A recent survey by Deloitte found that more than half of C-suite and other executives said global corporate ethical behavior has improved since the enactment of SOX. However, only 41.3 percent of executives said their organizations’ global ethics cultures are strong.
The 900 executives polled by Deloitte believe that despite regulations, employees are continuing to struggle with ethics compliance due to inconsistency of clear, concise and frequent ethics program communications and training for all employees (28.5 percent); lack of incentives and repercussions around ethical and unethical behavior (16.3 percent); varied ethical postures of third parties with whom employees regularly interact (14.8 percent) and differing ethical standards for various employee groups (12.5 percent).

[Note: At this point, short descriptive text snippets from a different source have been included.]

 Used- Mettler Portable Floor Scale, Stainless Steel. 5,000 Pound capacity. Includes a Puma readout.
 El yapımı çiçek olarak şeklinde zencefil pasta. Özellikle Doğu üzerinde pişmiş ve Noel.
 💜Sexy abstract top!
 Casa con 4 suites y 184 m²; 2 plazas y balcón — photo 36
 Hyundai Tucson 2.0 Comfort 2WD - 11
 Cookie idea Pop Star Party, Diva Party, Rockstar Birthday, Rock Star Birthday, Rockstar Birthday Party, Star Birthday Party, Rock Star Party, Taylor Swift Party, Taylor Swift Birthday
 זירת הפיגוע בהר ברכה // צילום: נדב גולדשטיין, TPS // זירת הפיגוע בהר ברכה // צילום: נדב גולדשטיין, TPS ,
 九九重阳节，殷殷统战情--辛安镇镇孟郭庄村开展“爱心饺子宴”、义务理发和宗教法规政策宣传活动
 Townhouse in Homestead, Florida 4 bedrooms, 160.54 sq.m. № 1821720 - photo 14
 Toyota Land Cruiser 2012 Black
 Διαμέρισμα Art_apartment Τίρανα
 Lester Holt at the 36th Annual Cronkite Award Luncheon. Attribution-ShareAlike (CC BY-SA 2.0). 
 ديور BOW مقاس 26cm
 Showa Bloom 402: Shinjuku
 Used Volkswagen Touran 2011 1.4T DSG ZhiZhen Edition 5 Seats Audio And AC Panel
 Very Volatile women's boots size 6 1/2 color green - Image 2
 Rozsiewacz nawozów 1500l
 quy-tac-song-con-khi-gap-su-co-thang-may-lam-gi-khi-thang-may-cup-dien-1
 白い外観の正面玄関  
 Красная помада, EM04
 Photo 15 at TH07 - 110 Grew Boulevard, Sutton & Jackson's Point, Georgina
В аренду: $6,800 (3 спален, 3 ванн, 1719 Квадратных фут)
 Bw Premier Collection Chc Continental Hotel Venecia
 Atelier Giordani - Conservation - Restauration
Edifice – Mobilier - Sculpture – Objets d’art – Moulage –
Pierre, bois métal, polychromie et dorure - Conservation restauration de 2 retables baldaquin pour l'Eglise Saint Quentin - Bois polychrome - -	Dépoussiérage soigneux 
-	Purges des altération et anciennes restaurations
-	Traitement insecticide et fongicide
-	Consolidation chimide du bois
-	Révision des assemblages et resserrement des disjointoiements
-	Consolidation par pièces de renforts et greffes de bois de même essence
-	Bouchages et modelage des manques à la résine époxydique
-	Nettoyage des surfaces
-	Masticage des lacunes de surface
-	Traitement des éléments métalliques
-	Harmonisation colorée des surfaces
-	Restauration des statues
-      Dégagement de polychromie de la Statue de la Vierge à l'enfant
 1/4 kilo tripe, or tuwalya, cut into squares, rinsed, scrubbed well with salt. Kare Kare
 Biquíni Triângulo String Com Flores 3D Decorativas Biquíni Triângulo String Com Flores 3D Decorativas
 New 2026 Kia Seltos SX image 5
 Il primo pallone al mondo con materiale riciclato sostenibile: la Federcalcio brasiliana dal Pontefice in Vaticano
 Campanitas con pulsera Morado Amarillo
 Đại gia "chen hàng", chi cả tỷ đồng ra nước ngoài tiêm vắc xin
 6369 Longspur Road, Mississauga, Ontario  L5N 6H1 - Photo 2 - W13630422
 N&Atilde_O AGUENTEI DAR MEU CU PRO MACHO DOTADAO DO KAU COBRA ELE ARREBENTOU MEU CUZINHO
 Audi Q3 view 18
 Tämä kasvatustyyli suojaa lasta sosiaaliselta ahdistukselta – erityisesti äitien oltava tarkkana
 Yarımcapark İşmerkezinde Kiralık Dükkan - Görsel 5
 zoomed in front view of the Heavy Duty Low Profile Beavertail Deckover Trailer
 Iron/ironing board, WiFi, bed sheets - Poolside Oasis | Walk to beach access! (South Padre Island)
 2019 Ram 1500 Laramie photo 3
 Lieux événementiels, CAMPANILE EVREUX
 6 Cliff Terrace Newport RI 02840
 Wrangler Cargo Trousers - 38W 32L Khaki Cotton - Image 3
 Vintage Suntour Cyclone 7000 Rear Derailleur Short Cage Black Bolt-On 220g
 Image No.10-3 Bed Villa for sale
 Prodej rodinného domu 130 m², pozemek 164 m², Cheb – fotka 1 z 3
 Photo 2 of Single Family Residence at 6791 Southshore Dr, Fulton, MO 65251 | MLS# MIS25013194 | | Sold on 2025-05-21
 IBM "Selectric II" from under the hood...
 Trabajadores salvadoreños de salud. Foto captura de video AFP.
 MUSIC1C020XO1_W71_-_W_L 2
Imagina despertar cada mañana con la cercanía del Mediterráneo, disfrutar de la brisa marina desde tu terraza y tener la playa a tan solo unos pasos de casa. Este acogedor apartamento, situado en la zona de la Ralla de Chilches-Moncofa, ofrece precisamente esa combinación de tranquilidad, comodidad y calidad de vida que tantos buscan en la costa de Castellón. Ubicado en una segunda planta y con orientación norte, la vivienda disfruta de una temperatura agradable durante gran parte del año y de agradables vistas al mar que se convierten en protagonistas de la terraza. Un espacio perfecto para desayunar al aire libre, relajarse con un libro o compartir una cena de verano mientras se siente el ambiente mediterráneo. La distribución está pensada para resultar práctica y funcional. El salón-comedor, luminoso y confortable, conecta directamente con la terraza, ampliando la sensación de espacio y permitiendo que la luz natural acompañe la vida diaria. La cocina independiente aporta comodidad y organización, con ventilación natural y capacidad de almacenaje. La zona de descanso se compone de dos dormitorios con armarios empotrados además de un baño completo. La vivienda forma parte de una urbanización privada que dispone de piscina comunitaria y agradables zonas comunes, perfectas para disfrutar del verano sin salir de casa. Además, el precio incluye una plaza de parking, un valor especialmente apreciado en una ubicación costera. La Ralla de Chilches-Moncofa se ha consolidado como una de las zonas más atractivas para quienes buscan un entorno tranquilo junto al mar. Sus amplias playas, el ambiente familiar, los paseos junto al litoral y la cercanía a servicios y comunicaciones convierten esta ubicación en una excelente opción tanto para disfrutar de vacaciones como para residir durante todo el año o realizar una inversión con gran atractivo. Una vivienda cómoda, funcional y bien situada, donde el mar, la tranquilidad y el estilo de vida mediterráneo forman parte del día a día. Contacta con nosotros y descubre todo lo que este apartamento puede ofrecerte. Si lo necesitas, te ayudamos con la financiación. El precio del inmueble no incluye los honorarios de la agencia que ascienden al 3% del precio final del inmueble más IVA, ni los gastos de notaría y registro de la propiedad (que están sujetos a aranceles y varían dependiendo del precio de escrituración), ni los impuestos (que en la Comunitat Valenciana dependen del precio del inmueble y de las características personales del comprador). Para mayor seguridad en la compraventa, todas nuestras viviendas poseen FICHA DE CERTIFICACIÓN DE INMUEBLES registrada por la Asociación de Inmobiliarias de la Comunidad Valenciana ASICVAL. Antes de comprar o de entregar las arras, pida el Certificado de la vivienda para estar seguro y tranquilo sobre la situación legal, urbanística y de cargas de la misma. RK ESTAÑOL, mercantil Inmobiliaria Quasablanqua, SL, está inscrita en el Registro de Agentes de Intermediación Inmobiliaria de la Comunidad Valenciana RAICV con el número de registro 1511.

“One of the main findings, and no surprise, was that well over half the respondents felt that since the passage of the Sarbanes-Oxley Act, there’s been an increase in awareness dealing with unethical behavior, an improvement in the process, and an improvement in the awareness that third parties have in the importance of propagating ethical behavior,” said Deloitte Risk and Financial Advisory principal and U.S. Forensic leader Don Fancher.
“At the same time there’s still more that needs to be done. Way less than half the respondents are actively measuring and monitoring their programs, with things such as employee hotlines. They’re performing training, but they’re not actively assessing the results of those efforts. I think there’s significant need for companies to do more to modernize their compliance process, use technology and continually seek to improve on their processes and mitigate risk as aggressively as they can.”
Still, he believes Sarbanes-Oxley has helped in many ways with corporate governance.
“There has definitely been an increase in awareness and controls,” said Fancher. “Certainly Sarbanes-Oxley was a key contributor to that. There have been other contributing forces as well.” He pointed to how the U.S. has become a leader in regulatory activity dealing with financial crime and unethical behavior, influencing other governments to become more aggressive at uncovering financial crimes.